This morning I texted Colby and asked him if he had received the box I sent him last week. He texted back an affirmative and we sent a few more texts back and forth. All of a sudden my usually docile and co-operative phone went crazy. It sent Colby a couple of random undecipherable texts and bounced back and forth between various things I had not clicked on. Finally I managed to turn the phone off. When I turned the phone back on I didn’t notice that it had turned the airplane mode on.
Brett and I had a couple of errands we wanted to run this morning so he asked me to text him when Aspen and I were ready to go. About mid-morning I texted him not realizing he didn’t receive it because of the air plane mode. I didn’t hear back from him, but I knew he was busy preparing for a barn party this weekend. About an hour later he came home and asked if my phone was turned off because he had tried to call and text and I hadn’t responded. I checked my phone, saw it was in airplane mode and turned it off. Immediately he received my text and I received his message.
How many times do I not hear what God has to say to me because I am in my own personal airplane mode. Unwilling and seemingly unable to receive messages from God because of my self-absorption and unwillingness to turn myself off. If I live a self-absorbed life I don’t think about God as able to help me, willing to walk with me and talk with me. I just think about how I am going to do everything. I become like the phone on airplane mode, an entity unto self, unable to send or receive messages to and from God.

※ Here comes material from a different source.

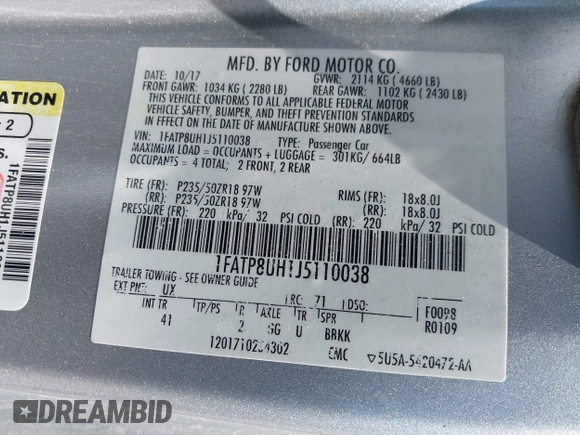 2018 Ford Mustang EcoBoost Premium с VIN 1FATP8UH1J5110038, выставлен на аукционе IAAI как лот 41978639 с пробегом 63 912 миль миль и . История ставок и продаж доступна на DreamBid. Изображение 9.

In Psalm 51 David prayed a prayer I should consider praying more often. First he asks God to create in him a pure heart. David realizes that only God can create a pure heart, he can not do it himself. Next he asks God to renew a steadfast spirit within him. He wants to continually live with God in his purified heart, not constantly go back and forth and up and down in his relationship with God. Finally he asks for a willing spirit. Willing for what? Whatever God wants to say or do in his life. A willing heart, the switch that brings us out of “airplane mode” and into action.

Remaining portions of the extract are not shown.